Pierre Rustin, directeur de recherche émérite du CNRS avait déjà lancé une alerte sur les SDHI en cosignant une tribune dans Libération en avril 2018. Leur toxicité est au centre d’une controverse sanitaire. Les SDHI pour « inhibiteurs de la succinate déshydrogénase » regroupent principalement des molécules chimiques qui opèrent en bloquant un enzyme essentiel dans la respiration cellulaire. Cette propriété est employée dans la lutte contre les champignons. De fait, ces molécules SDHI se retrouvent dans des fongicides employés dans l’agriculture depuis la fin des années 2000.

Pierre Rustin explique que « les cellules humaines cultivées dans des conditions bien définies meurent en contact des SDHI, même à de faibles concentrations ». L’étude montre aussi plus précisément que les cellules provenant de personnes porteuses d’une maladie de type Alzheimer ou l’ataxie de Friedrich (une maladie neurodégénérative), sont hyper sensibles aux SDHI.

Enfin, cette étude confirme que les conditions des tests réglementaires actuels de toxicité masquent un effet très important des SDHI sur des cellules humaines : les fongicides induisent un stress oxydatif dans ces cellules, menant à leur mort.
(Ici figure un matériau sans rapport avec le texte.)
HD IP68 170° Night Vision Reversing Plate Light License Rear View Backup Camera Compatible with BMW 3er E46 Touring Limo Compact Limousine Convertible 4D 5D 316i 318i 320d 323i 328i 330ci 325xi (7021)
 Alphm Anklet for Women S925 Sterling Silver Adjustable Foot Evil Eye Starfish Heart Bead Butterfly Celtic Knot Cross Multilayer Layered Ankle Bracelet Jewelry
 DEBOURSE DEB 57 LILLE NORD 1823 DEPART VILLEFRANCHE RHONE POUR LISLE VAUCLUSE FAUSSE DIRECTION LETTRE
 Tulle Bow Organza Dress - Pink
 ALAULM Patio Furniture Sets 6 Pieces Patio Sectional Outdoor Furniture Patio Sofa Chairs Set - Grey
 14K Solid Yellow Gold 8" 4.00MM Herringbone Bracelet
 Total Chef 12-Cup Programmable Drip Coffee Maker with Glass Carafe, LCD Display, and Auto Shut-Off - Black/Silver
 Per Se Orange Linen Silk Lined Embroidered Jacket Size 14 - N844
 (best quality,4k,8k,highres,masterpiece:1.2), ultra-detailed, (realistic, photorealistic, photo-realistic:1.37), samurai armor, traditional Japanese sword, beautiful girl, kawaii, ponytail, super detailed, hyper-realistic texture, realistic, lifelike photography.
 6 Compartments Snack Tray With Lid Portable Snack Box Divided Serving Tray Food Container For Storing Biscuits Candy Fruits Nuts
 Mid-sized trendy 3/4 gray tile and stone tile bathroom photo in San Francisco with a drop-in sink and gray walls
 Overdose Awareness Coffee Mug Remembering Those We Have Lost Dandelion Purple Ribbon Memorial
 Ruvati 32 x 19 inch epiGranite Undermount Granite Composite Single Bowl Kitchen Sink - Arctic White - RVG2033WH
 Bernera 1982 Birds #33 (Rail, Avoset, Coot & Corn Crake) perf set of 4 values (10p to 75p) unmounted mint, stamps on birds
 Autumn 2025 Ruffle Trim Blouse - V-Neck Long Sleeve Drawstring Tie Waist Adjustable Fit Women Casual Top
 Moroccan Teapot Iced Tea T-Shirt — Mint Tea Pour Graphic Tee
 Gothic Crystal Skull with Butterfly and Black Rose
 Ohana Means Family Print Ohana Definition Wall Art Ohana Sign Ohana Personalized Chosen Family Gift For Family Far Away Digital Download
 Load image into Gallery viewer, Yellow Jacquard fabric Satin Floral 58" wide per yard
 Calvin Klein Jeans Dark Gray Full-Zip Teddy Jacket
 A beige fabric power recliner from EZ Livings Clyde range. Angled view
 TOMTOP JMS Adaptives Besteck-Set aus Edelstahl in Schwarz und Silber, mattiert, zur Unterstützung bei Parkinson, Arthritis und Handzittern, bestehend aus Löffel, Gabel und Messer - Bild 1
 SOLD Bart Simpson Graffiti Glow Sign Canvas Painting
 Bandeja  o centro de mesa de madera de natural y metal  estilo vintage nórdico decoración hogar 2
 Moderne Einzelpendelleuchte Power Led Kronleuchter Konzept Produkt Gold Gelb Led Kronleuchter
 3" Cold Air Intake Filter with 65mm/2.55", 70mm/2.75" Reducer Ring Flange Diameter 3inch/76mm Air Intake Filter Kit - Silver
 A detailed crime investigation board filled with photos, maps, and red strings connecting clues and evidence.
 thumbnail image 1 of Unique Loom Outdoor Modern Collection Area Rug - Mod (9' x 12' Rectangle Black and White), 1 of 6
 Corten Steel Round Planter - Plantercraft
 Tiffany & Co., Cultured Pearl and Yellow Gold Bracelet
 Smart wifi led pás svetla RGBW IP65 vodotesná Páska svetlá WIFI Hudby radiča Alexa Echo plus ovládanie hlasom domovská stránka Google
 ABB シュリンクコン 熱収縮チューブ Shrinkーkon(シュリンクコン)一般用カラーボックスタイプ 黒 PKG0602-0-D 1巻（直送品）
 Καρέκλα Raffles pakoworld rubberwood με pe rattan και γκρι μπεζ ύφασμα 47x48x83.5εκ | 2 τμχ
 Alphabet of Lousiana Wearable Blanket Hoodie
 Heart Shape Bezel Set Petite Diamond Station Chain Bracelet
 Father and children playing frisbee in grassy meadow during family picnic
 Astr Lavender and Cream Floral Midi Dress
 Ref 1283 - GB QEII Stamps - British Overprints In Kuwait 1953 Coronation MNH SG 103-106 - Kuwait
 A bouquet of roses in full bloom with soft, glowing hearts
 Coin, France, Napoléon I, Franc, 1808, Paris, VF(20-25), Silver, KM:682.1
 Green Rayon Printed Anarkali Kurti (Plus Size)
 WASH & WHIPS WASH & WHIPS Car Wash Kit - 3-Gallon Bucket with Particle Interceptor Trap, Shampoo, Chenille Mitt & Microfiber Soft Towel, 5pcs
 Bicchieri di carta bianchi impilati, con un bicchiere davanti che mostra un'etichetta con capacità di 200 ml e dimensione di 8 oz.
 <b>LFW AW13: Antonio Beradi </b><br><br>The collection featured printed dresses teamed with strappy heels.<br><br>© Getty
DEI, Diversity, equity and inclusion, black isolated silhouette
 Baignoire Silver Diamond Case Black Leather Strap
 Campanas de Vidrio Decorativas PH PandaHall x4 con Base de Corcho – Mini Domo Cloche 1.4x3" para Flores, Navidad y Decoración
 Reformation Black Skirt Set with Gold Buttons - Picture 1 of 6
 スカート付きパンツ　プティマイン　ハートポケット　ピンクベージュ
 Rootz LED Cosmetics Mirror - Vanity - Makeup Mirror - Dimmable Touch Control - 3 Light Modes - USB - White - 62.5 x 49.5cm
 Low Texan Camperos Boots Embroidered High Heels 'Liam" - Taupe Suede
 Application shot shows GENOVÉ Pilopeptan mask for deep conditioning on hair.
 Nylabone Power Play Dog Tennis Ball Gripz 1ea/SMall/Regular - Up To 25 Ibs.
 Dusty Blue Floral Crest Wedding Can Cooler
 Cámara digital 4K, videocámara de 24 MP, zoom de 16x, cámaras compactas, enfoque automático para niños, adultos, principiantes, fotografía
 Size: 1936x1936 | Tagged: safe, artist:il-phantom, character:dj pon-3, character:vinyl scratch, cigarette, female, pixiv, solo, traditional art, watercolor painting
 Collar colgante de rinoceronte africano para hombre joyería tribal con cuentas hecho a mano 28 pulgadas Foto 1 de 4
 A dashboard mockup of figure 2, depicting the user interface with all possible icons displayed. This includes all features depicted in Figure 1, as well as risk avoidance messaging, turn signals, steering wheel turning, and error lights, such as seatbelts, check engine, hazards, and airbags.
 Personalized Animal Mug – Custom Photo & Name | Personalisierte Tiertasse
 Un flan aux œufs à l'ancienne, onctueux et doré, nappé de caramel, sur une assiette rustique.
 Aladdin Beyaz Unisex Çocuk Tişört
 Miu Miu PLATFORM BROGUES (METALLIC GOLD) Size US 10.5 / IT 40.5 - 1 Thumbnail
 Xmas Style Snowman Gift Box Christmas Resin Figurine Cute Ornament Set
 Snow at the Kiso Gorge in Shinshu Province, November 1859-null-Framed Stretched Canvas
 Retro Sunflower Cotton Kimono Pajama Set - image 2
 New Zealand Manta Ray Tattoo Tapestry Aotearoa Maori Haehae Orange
Les tests actuels de toxicité font l’objet d’une polémique sur la métrologie qu’ils emploient afin d’évaluer la nocivité éventuelle d’une molécule en se fondant principalement sur la dose journalière admissible. Cette notion a été remise en cause avec la découverte des effets de seuils, des effets cocktails et de l’accumulation sur le long-terme.

Autorisés en Europe dès la fin des années 2000, ces fongicides SDHI sont massivement utilisés sur les cultures (blé, avoine, orge, seigle, tournesol, colza, pommiers, amandiers, cerisiers, asperges, carottes, fraisiers, laitue…). En avril 2018, un collectif de chercheurs et de médecins dont Pierre Rustin, publie dans Libération une tribune très alarmante qui appelle à une révolution urgente dans l’usage des antifongiques.

Les SDHI devient alors une question de santé publique. Elle fait l’objet d’un livre du journaliste Fabrice Nicolino. Dans Le crime est presque parfait – l’enquête choc sur les pesticides et les SDHI il remet en cause le rôle des autorités sanitaires françaises dans l’homologation de ces produits. Il y dénonce la proximité des agences sanitaires avec les industriels.